(Pictures with short captions)
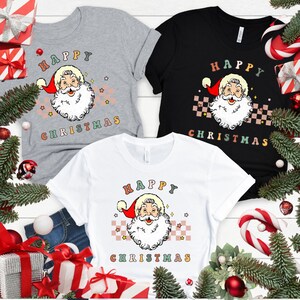 Bella+Canvas® Happy Christmas Unisex Jersey T-Shirt, Xmas Season Tee, Retro Santa Holiday gift, Family and Friend Holiday Apparel Gift idea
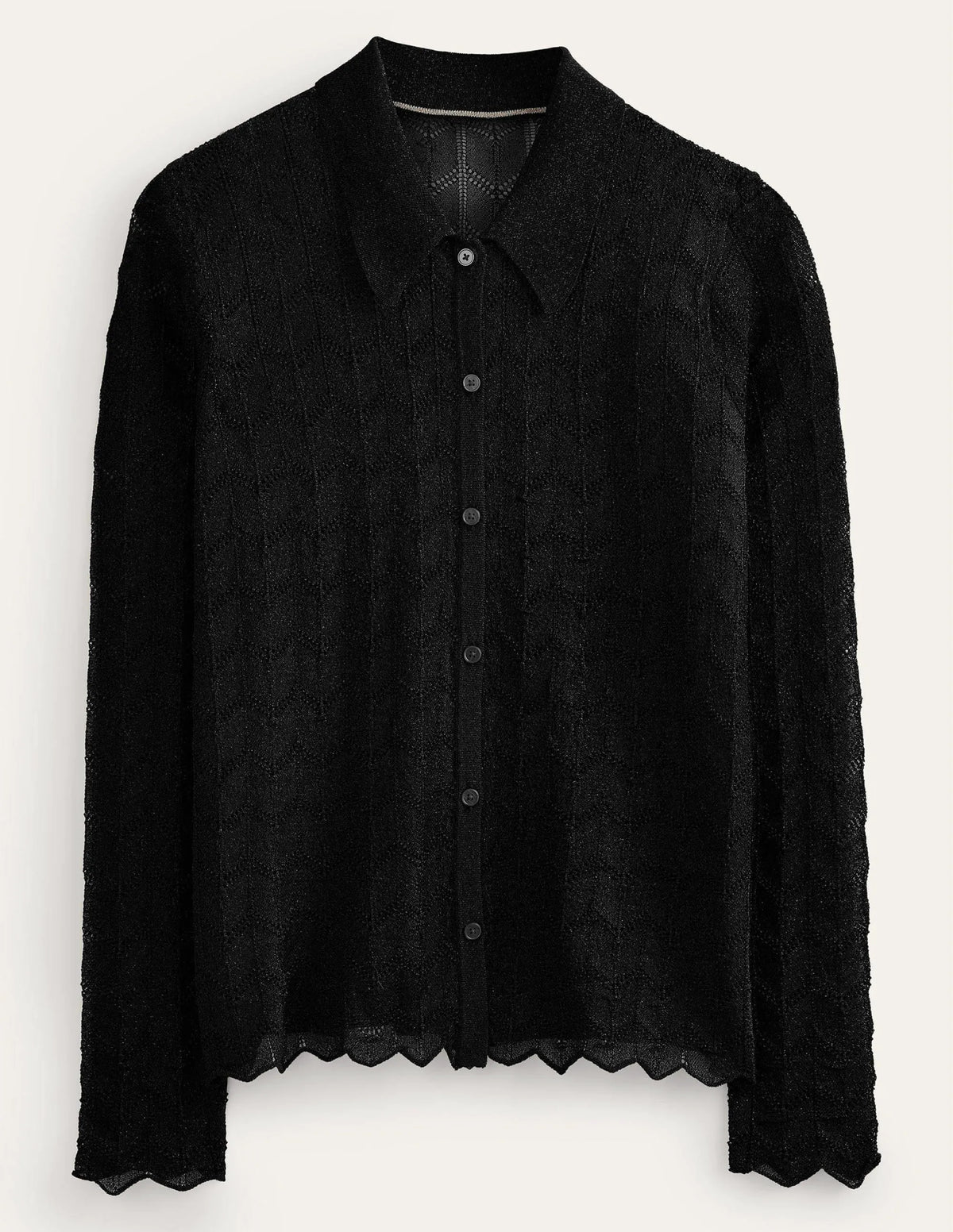 Knitted Beach Shirt-Metallic Black
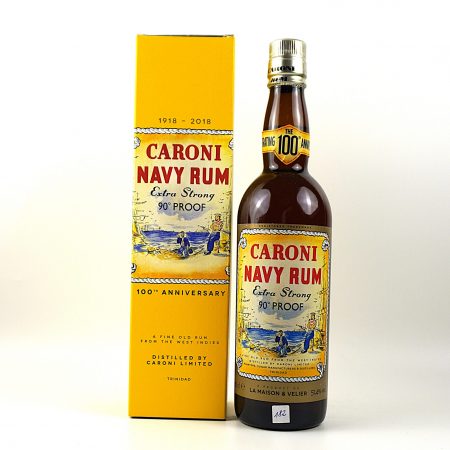Caroni Navy Rum 2000 18 Jahre Trinidad Rum Flasche Vorderseite mit Originalverpackung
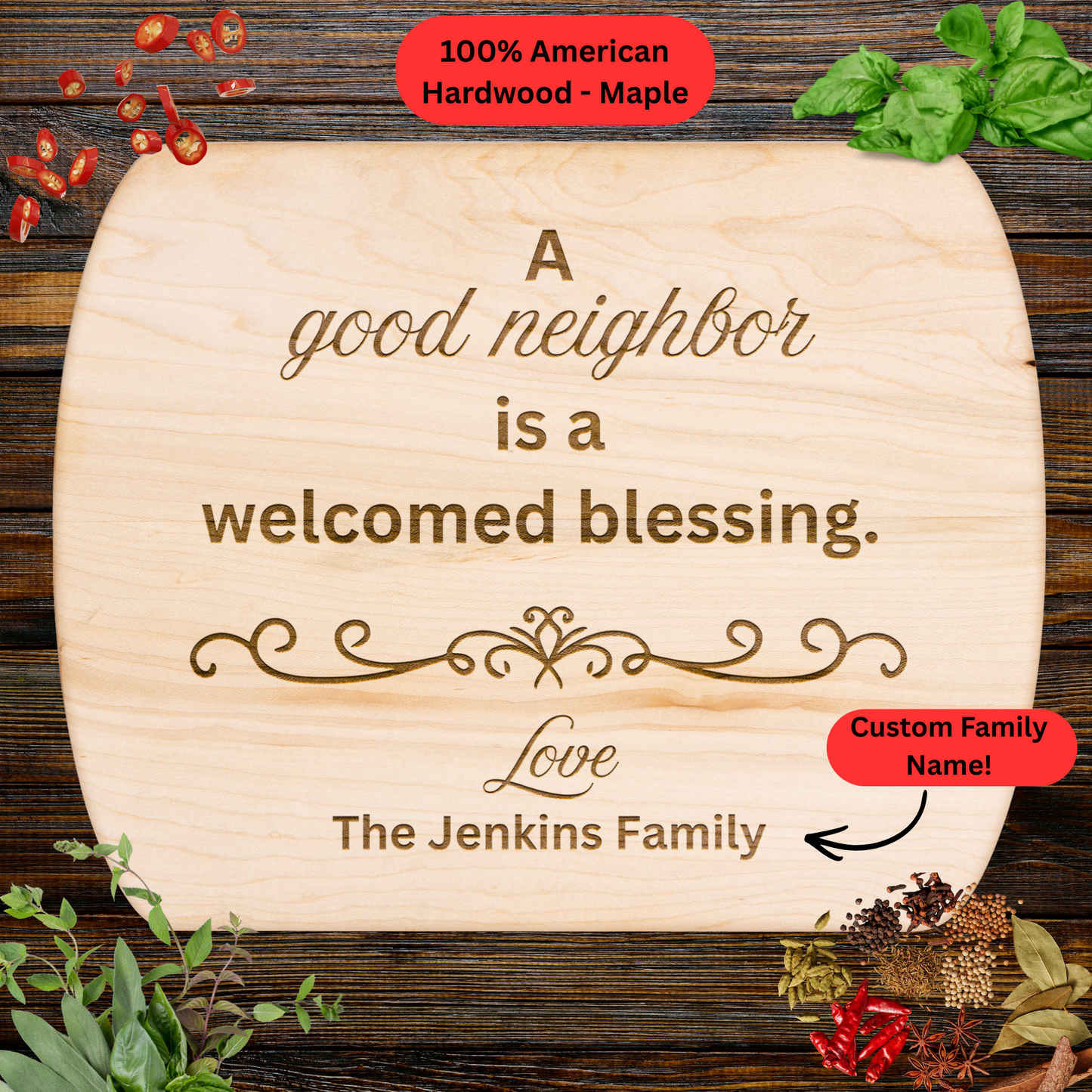 Personalized Neighbor Cutting Board Gift. Custom Family Name. Neighbor Appreciation Gift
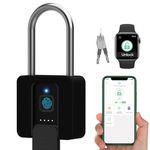 Combination Padlock, Dhiedas Long Shackle Padlock, Lock with Fingerprint, Bluetooth APP & Key, Waterproof Outdoor Smart Padlock for Gate, Fence, Shed, Gym, Locker, Truck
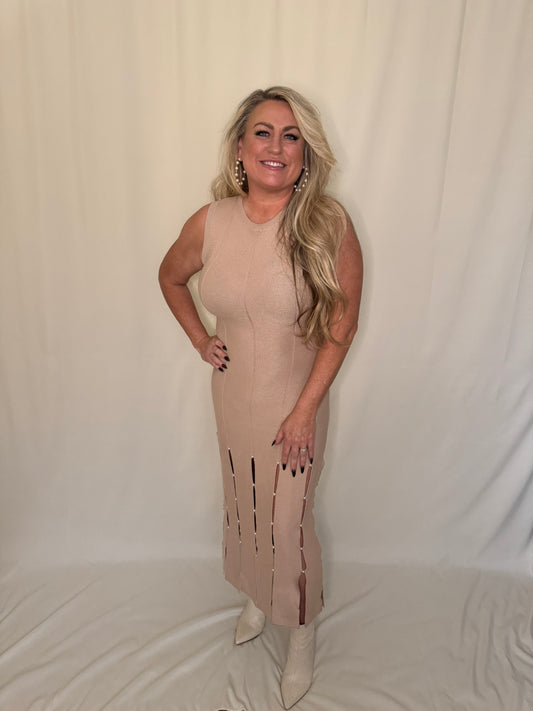 Knit Pearl Embellished Sleeveless Midi Dress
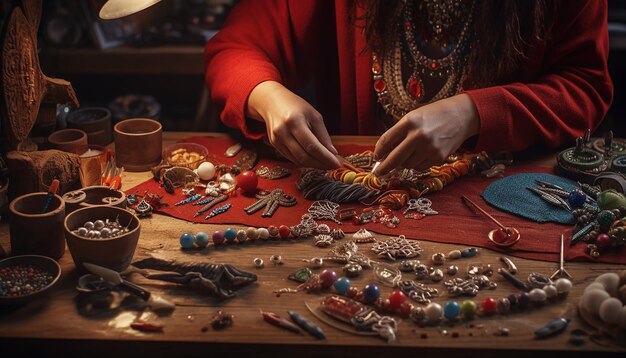 una representación artística en 3D de una sesión de artesanía de Martisor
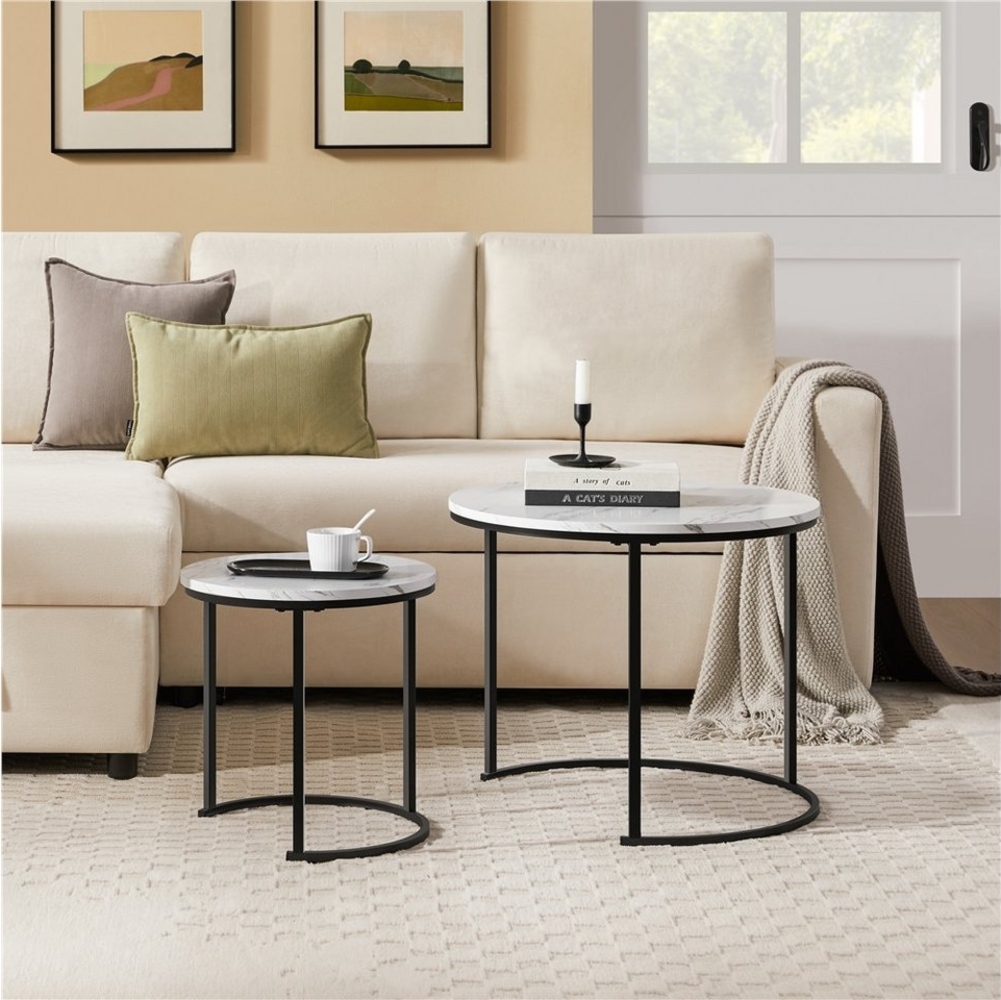 Yaheetech Couchtisch, 2er Set Beistelltisch Sofatisch mit Runder Tischplatte & Metallgestell Bild 1
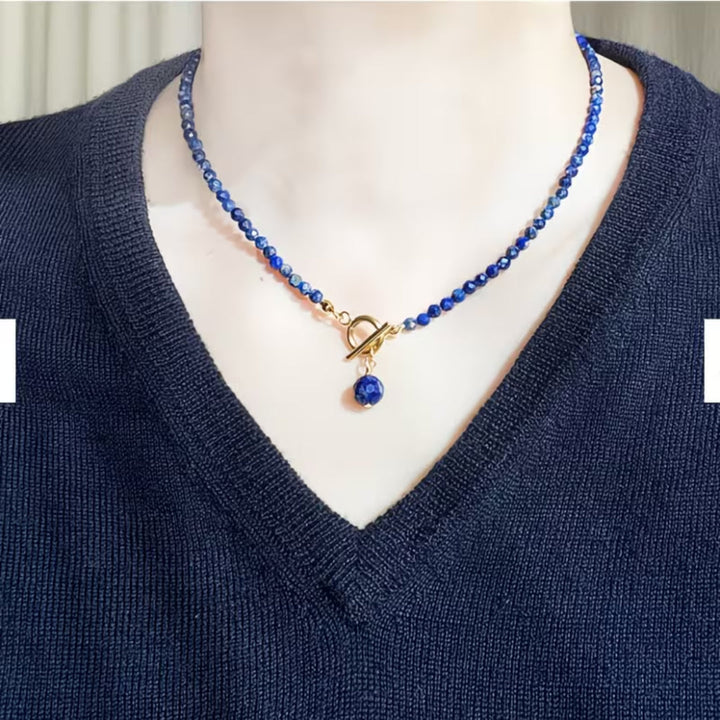 Beaded Lapis Blue Toggle Necklace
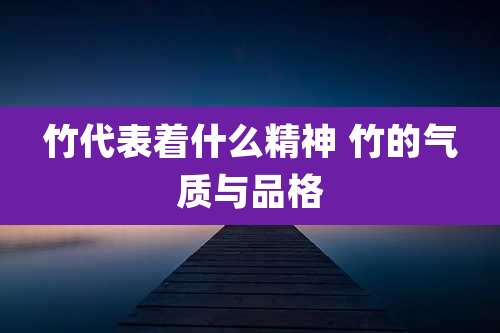 竹代表着什么精神 竹的气质与品格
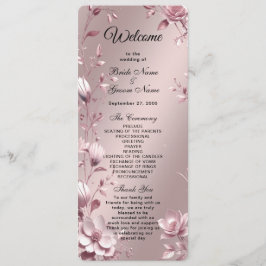 Programa Delicate Pink Floral Frame Wedding  Program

▶ Goal of the exercise:
Omit the pictures and copy the records above exactly.

▶ Written reply:
 Bella+Canvas® Happy Christmas Unisex Jersey T-Shirt, Xmas Season Tee, Retro Santa Holiday gift, Family and Friend Holiday Apparel Gift idea
 Knitted Beach Shirt-Metallic Black
Caroni Navy Rum 2000 18 Jahre Trinidad Rum Flasche Vorderseite mit Originalverpackung
 Personalized Neighbor Cutting Board Gift. Custom Family Name. Neighbor Appreciation Gift
 Combination Padlock, Dhiedas Long Shackle Padlock, Lock with Fingerprint, Bluetooth APP & Key, Waterproof Outdoor Smart Padlock for Gate, Fence, Shed, Gym, Locker, Truck
 Knit Pearl Embellished Sleeveless Midi Dress
 una representación artística en 3D de una sesión de artesanía de Martisor
 Yaheetech Couchtisch, 2er Set Beistelltisch Sofatisch mit Runder Tischplatte & Metallgestell Bild 1
 Beaded Lapis Blue Toggle Necklace
 竹代表着什么精神 竹的气质与品格
 Programa Delicate Pink Floral Frame Wedding  Program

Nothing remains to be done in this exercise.